When a sit-inside kayak capsizes, it can be a bit trickier to flip it back over. The more experience kayaker can choose to do an “Eskimo roll.” This can be done by remaining inside the kayak and with the combined motions of the hips and the paddle, enables the kayak to be flipped in the upright position again.

Another method, it called the “wet exit”; the paddler getting completely out of the kayak does this. During this process, the cockpit of the kayak will fill up with water and you will need to get the water out as well as get back in the kayak once it is flipped upright.

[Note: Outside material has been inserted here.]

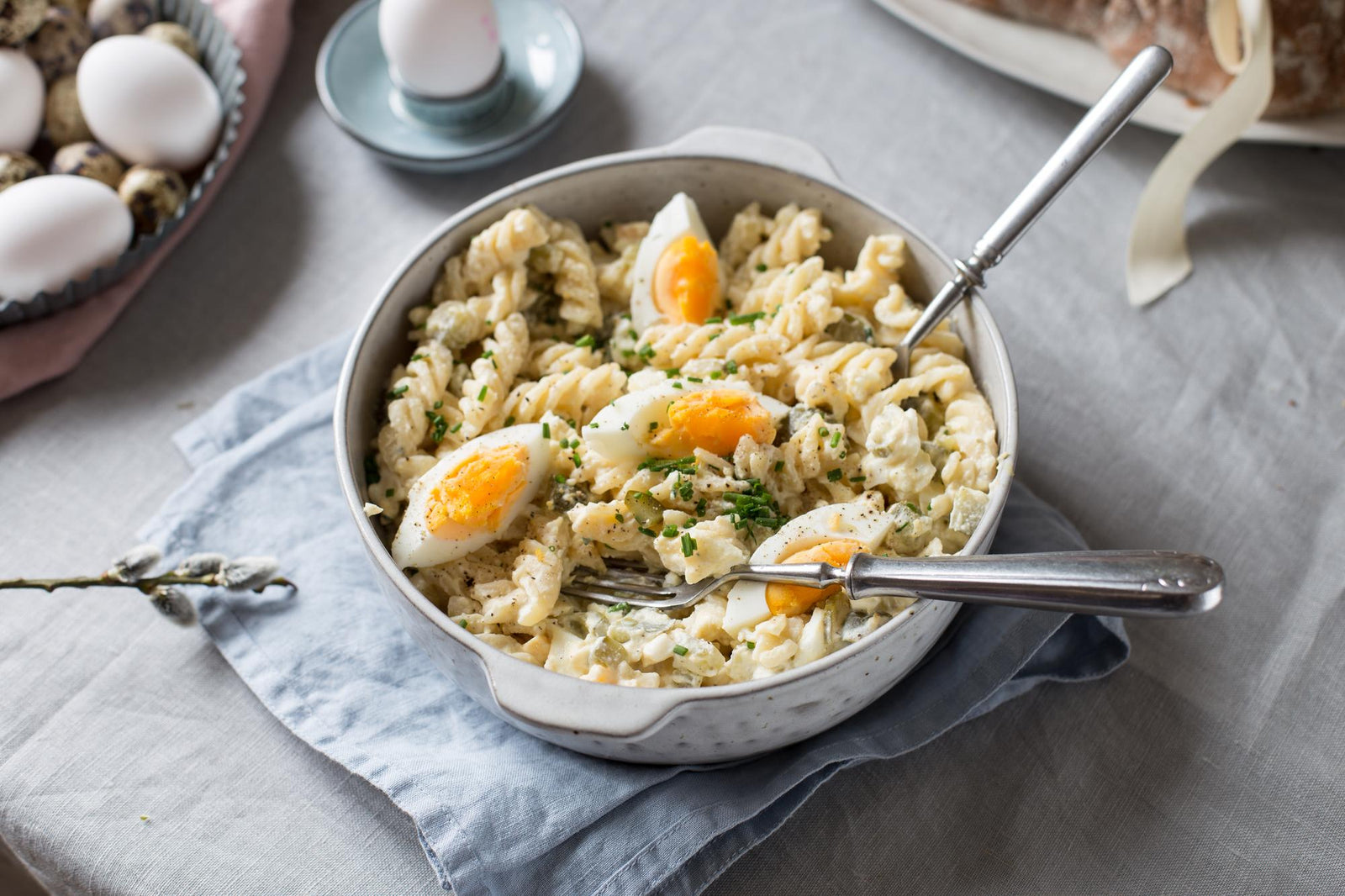 Sałatka makaronowa z jajkiem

You should always kayak with a “buddy” for the simple reason that if you do capsize; you are probably going to need their assistance. Your buddy can help keep your kayak stable while you get inside again, as well as help you remove the water in the cockpit before you do.

Below are the steps to aid you in flipping your kayak upright and getting safely back in it:

  • First, you need to get next to the kayak, near the cockpit. Reaching under the kayak, with a hand on each side, quickly (to avoid getting more water in the cockpit) pulling it and pushing it over so it flips away from you.
  • Next, reach over to the opposite side of the kayak; bring your legs to the surface and pull yourself so that you are lying across the kayak.
  • Once you have yourself stable in this position, turn yourself around, and slide your body into the kayak, feet first. You are now in a position to start paddling again and get back out there.

Conclusion

Now that you know how to safely flip either style of kayak, and how to get back inside you are prepared to go out in the water and enjoy that kayak. Just do not forget to wear your PFD and always go out with a buddy. Best of all, when you take your kayak out in the water, ensure that you have a lot of fun!